### PROBLEM
Would you return the data exactly as given, except for its pictures?

### DATA EXTRACT
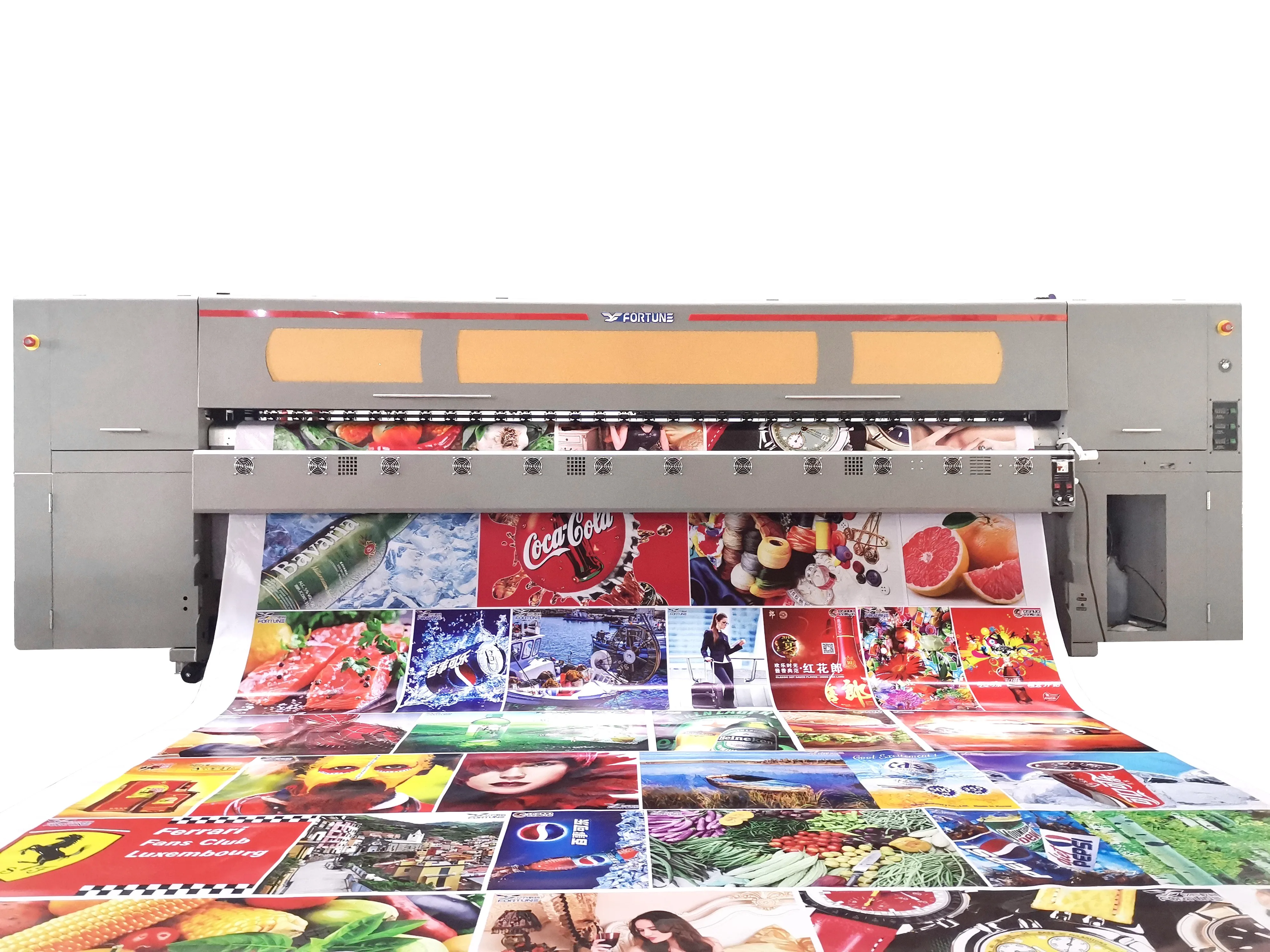 3.2m Inkjet Printing Machine Inkjet Printer Printing Machine For Solvent Printer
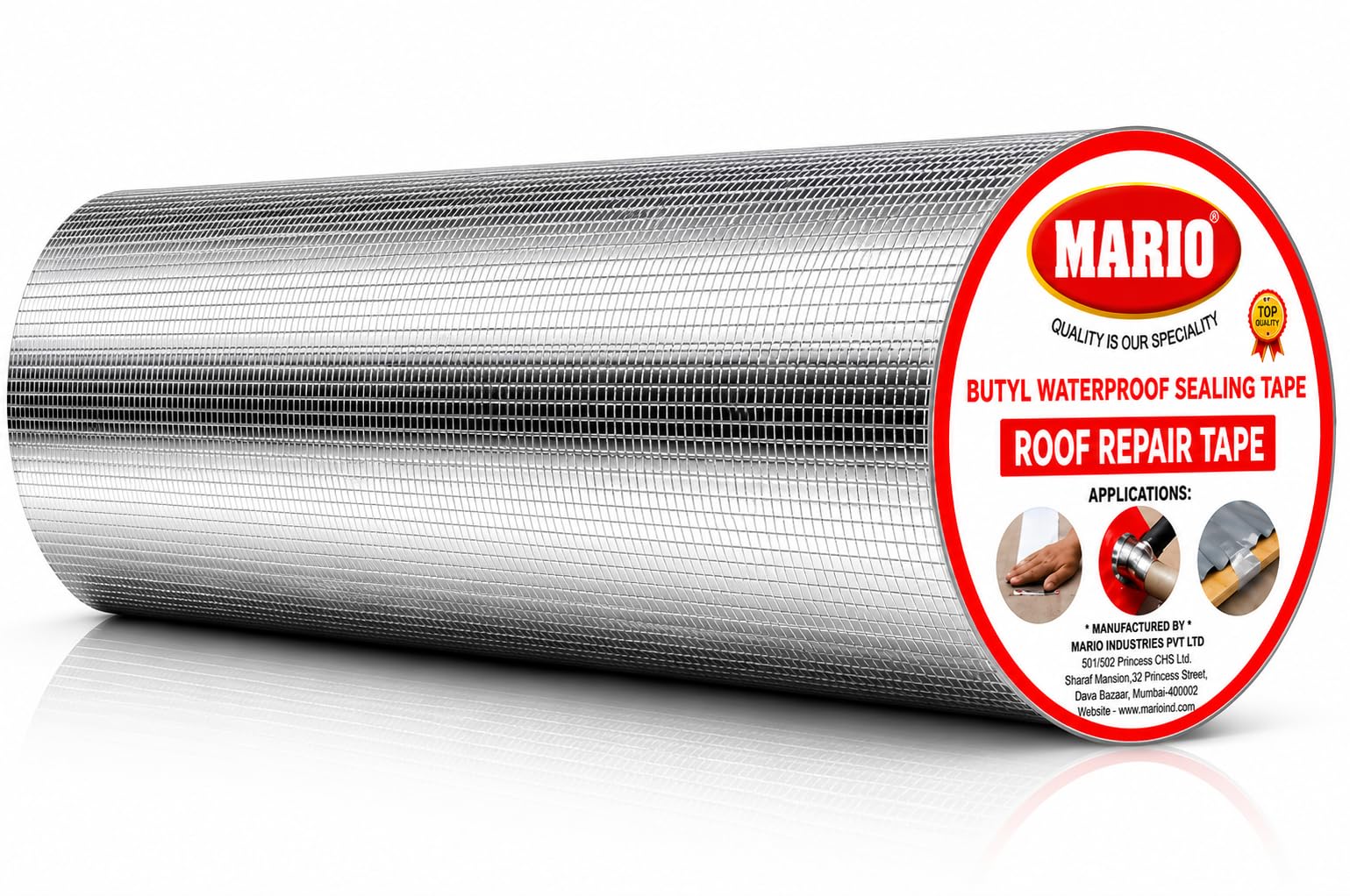 Mario Extra Wide Butyl Waterproof Tape 12 Inch (300MM/30CM) × 5M | Industrial Strength Self-Adhesive Rubber Foil for Terrace Leak, Roof, Wall Crack, Pipe & Large Surface Waterproofing-image-33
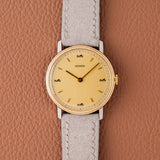 Hermès Ultra Slim Two-Tone Dress Watch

### PROBLEM SOLUTION
 3.2m Inkjet Printing Machine Inkjet Printer Printing Machine For Solvent Printer
 Mario Extra Wide Butyl Waterproof Tape 12 Inch (300MM/30CM) × 5M | Industrial Strength Self-Adhesive Rubber Foil for Terrace Leak, Roof, Wall Crack, Pipe & Large Surface Waterproofing-image-33
 Hermès Ultra Slim Two-Tone Dress Watch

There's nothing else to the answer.